WHAT YOU WILL DO:
The response must be the exact lines from the one that contains "Close up of" through the end of the material, with no pictures and no additional lines.

INFORMATION PROVIDED:
========================================

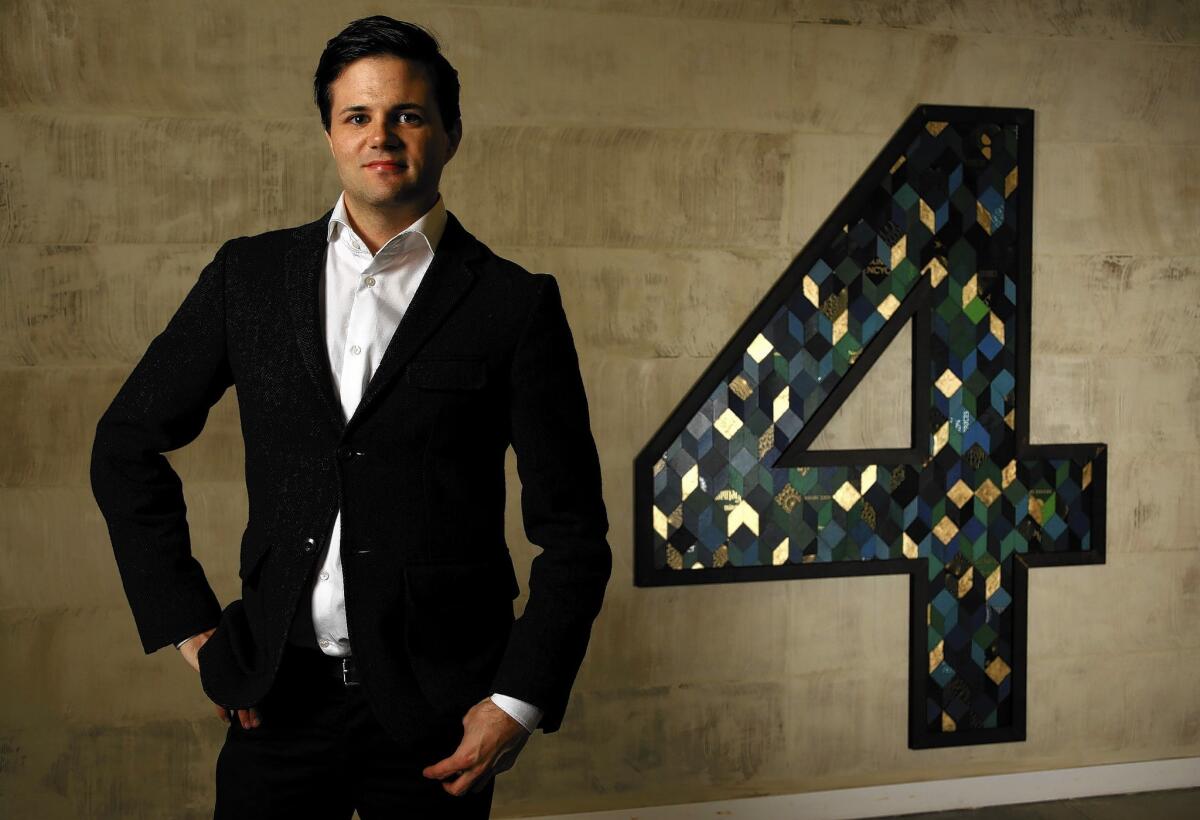 Designer Brian Gennett has constructed giant numbers out of book covers for each floor in Barker Block, a loft building downtown.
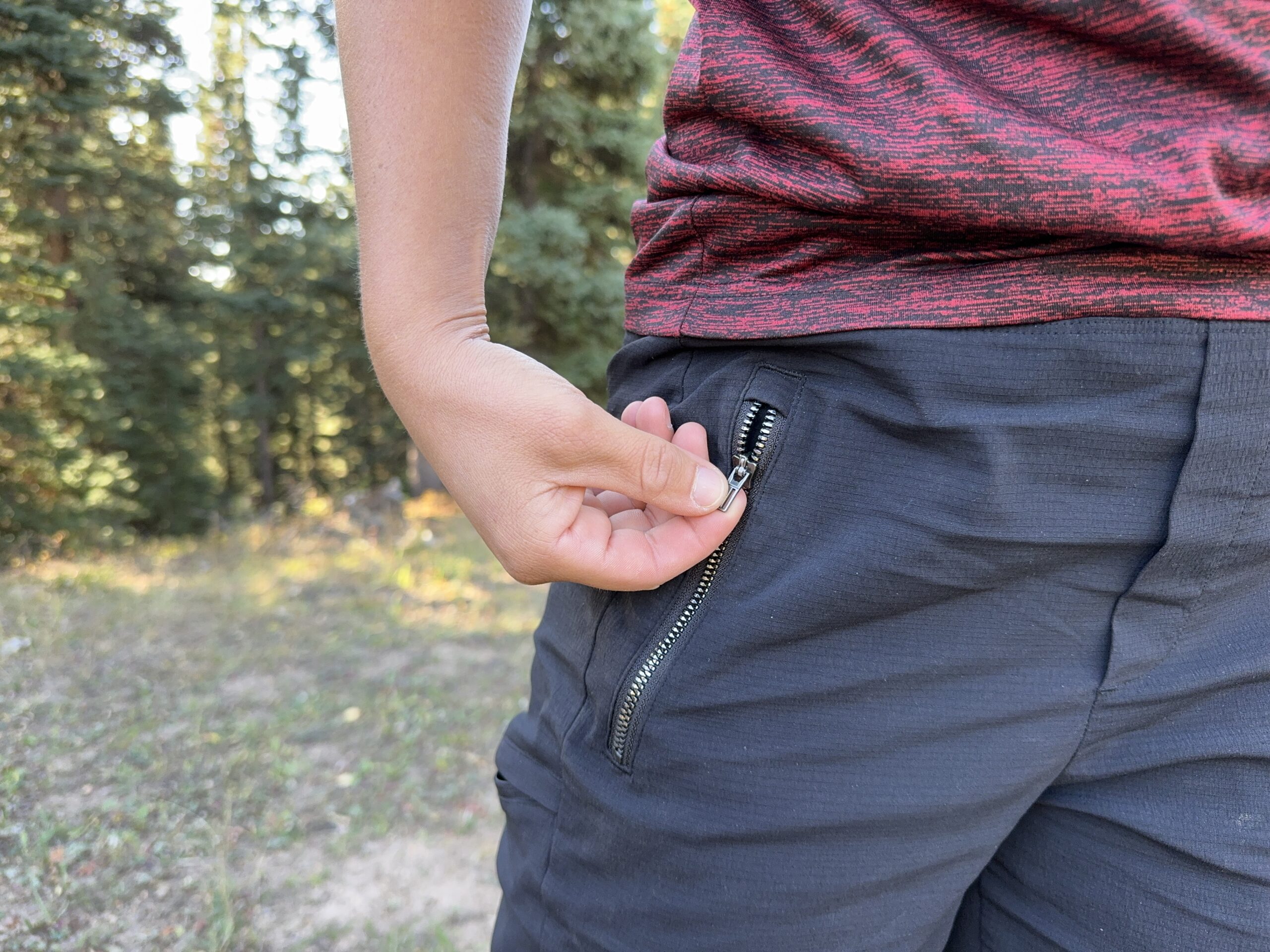 Close up of a zipper on the Athleta pants with a hand pulling it open.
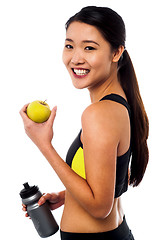 Image showing Eat healthy, stay fit. Smiling chinese girl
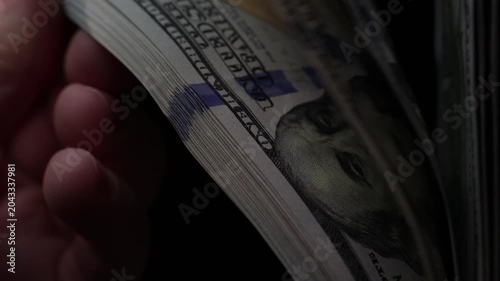Close-up of hand flipping through stack of U.S. hundred dollar bills in slow-motion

========================================

SOLVED PROBLEM:
 Close up of a zipper on the Athleta pants with a hand pulling it open.
 Image showing Eat healthy, stay fit. Smiling chinese girl
Close-up of hand flipping through stack of U.S. hundred dollar bills in slow-motion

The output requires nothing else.